At a time where we’ve seen our local newspapers dedicating less resource to reporting the Senedd and the failure of the UK media to report Wales, we have also seen a rise in recent years in ordinary people – not necessarily journalists or newspapers – setting up community websites (or blogs, or Facebook groups) and sharing information and news of their own. Cardiff University’s Centre for Community Journalism calls these individuals ‘community journalists’ – people who are interested in news and current affairs that affect their area, but might not have any formal journalism training.
The workshop was run for the purpose of inviting in some of these people to discuss the Assembly’s website. Could they find what they were looking for when they visited? Did they know and understand everything that the Assembly did that was relevant to their area of interest (either locally, or in terms of subject?). We had a lively discussion, that covered everything from where our language-switch button was located to how searchable our archive of videos was on Senedd.tv.
Of course, it’s not easy to take on board everything that is suggested. As a public institution, we have limited resources but events like this one give a great insight into what people find most valuable – as well as easy fixes to make our content more accessible. This could be anything, from adding dates and locations of meetings onto a Google Map to just adding more images onto our web pages.

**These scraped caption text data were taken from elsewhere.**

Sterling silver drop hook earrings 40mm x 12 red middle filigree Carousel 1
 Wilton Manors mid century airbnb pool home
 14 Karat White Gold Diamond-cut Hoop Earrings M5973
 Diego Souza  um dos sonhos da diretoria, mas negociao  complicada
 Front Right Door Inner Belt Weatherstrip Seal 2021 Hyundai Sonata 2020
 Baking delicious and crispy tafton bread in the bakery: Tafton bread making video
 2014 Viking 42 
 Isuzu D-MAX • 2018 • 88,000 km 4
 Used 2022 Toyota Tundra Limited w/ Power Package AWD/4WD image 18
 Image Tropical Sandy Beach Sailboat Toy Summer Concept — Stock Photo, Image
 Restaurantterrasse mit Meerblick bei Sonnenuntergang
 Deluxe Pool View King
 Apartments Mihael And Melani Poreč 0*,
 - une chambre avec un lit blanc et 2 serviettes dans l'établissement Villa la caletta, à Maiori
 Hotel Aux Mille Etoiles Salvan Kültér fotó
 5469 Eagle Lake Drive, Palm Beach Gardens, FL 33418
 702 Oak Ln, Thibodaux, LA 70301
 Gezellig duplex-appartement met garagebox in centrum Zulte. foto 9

Some of the individuals who attended were Owen Donovan (who writes Oggy Bloggy Ogwr – a political blog that won Best Politics Blog at the Welsh Blog Awards in 2012), Gareth Morlais (who runs the Abergele Post blog), and Karin Mear and Nigel Evans (who run the FYIBrecon website) and Sam Knight who runs YourSenedd. Hannah Scarborough from the Centre of Community Journalism also came along, and wrote up a blog about the event: Accessing democracy.
For people interested in community journalism, the Cardiff University are going to be running the world’s first ever a MOOC (massive open online course) on community journalism, which will be starting in April 2014. You can access the course here: Community Journalism MOOC.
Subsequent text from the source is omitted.